### WHAT THE TASK REQUIRES
Of the records that follow, copy only the lines from the line containing "Top Quality Chanel" to the line containing "Çiçekli Bej Tensel", both included, exactly as written.

Start of DATA

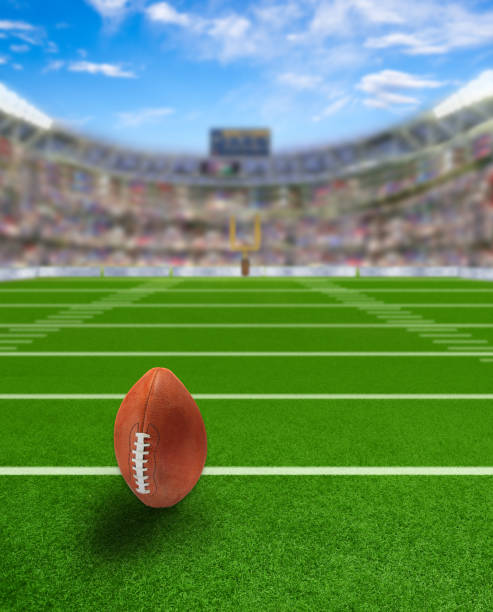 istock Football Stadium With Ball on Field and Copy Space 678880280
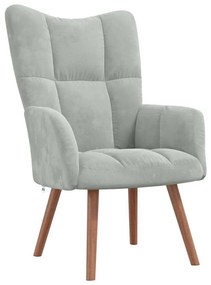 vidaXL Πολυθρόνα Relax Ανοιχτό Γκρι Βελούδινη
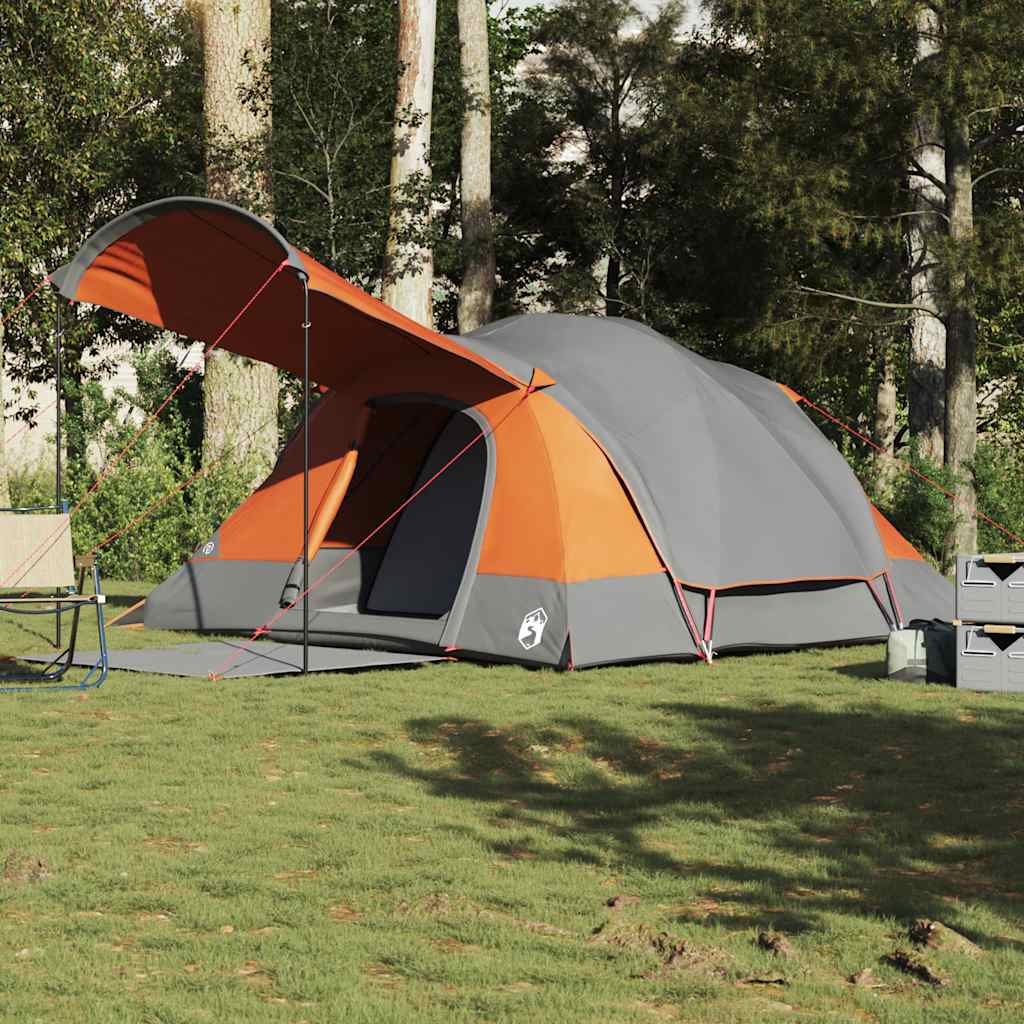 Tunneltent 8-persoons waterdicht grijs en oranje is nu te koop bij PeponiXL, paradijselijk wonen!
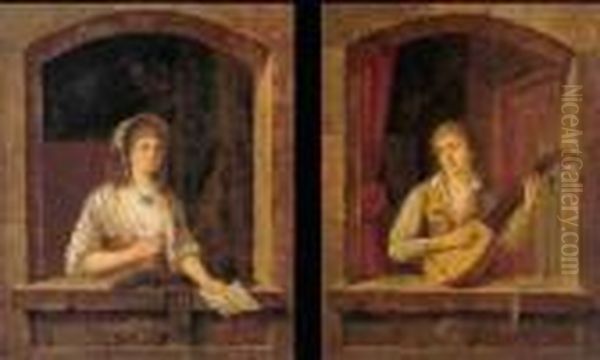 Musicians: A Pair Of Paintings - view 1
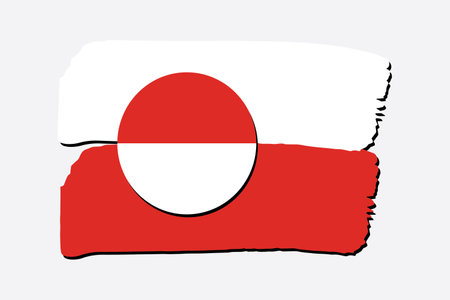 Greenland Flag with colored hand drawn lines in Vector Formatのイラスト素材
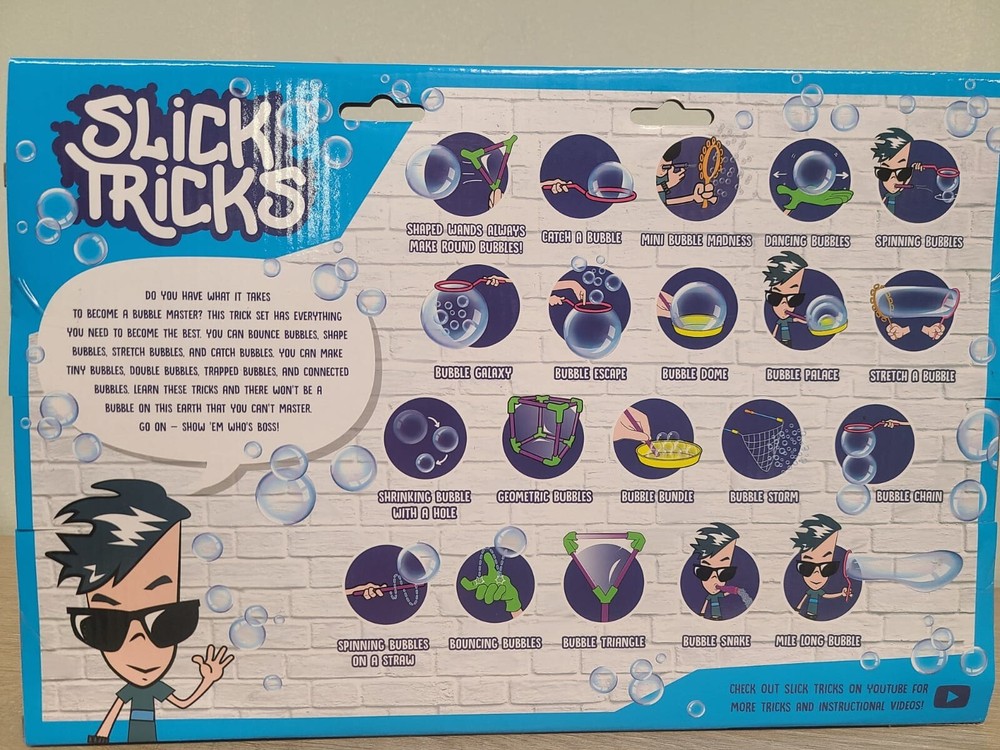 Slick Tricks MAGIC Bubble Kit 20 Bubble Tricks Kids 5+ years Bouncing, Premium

End of DATA
Start of DATA

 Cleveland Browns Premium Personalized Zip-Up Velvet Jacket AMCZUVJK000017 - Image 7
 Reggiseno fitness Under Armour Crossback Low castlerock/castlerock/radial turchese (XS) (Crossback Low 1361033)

End of DATA
Start of DATA

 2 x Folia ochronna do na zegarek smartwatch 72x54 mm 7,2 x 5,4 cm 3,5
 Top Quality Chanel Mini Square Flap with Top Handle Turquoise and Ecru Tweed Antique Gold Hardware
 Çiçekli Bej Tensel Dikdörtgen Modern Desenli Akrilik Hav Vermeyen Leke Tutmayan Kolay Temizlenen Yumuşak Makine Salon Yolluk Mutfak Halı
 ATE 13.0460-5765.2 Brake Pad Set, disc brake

End of DATA

### OUTPUT BELOW
 Top Quality Chanel Mini Square Flap with Top Handle Turquoise and Ecru Tweed Antique Gold Hardware
 Çiçekli Bej Tensel Dikdörtgen Modern Desenli Akrilik Hav Vermeyen Leke Tutmayan Kolay Temizlenen Yumuşak Makine Salon Yolluk Mutfak Halı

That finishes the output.